L. DeWayne collection of folk-related publications, 1944-2014
Scope and Contents
Contains periodicals collected by L. DeWayne Young. The substantial content reflects folk dance and culture all over the world. Most of the publications were collected as a subscriber, and are incomplete sets. The exception is Viltis Magazine, of which Young was a co-editor for fifteen years. Dates range from 1944-2014.
- Publication: 1944-2014
- Young, L. DeWayne (creator, Person)
Conditions Governing Access
Open for public research.
Conditions Governing Use
It is the responsibility of the researcher to obtain any necessary copyright clearances. Permission to publish material from the L. DeWayne Young collection on folk dancing must be obtained from the Supervisor of Reference Services and/or the L. Tom Perry Special Collections Board of Curators.
L. DeWayne Young (1938- ) is not only an avid folk dancer, but a well established teacher and promoter of the folk arts.
Young danced with, and helped organize, the original Brigham Young University International Folk Dancers in 1956 under the direction of Janie Thompson and Mary Bee Jensen. After graduating from Brigham Young University, Young danced and taught intermittently at BYU, BYU-Hawaii, BYU-Idaho and Idaho State University, also teaching at Lloyd Shaw Foundation workshops and conducting many other folk dance workshops throughout the United States on the way.
In 1986 Young, along with Mary Bee Jensen, George Frandsen, and Vytautas F. Beliajus established the National Folk Organization. This organization was established for the preservation and promotion of the folk art traditions, and as a tribute to the staying power of international folk dance.

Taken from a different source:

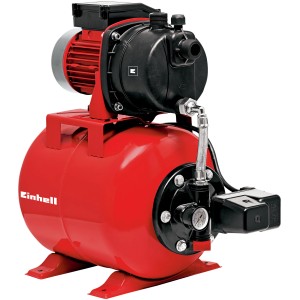 Einhell GC-WW 6538 Set: Elettropompa rossa con pressostato, manometro e serbatoio da 20 litri.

Young served as co-editor for fifteen years on "Viltis," the folk magazine created by Vytautas F. Beliajus; Later publishing the Index to Fifty Years of Viltis: 1944-1994 and the biography Mr. Folk Dance USA, Vytautas F. Beliajus: Memoirs of a Lithuanian Immigrant.
L. DeWayne Young still travels extensively, participating in international folk dance festivals in Poland, Ukraine, Czech Republic, and Puerto Rico.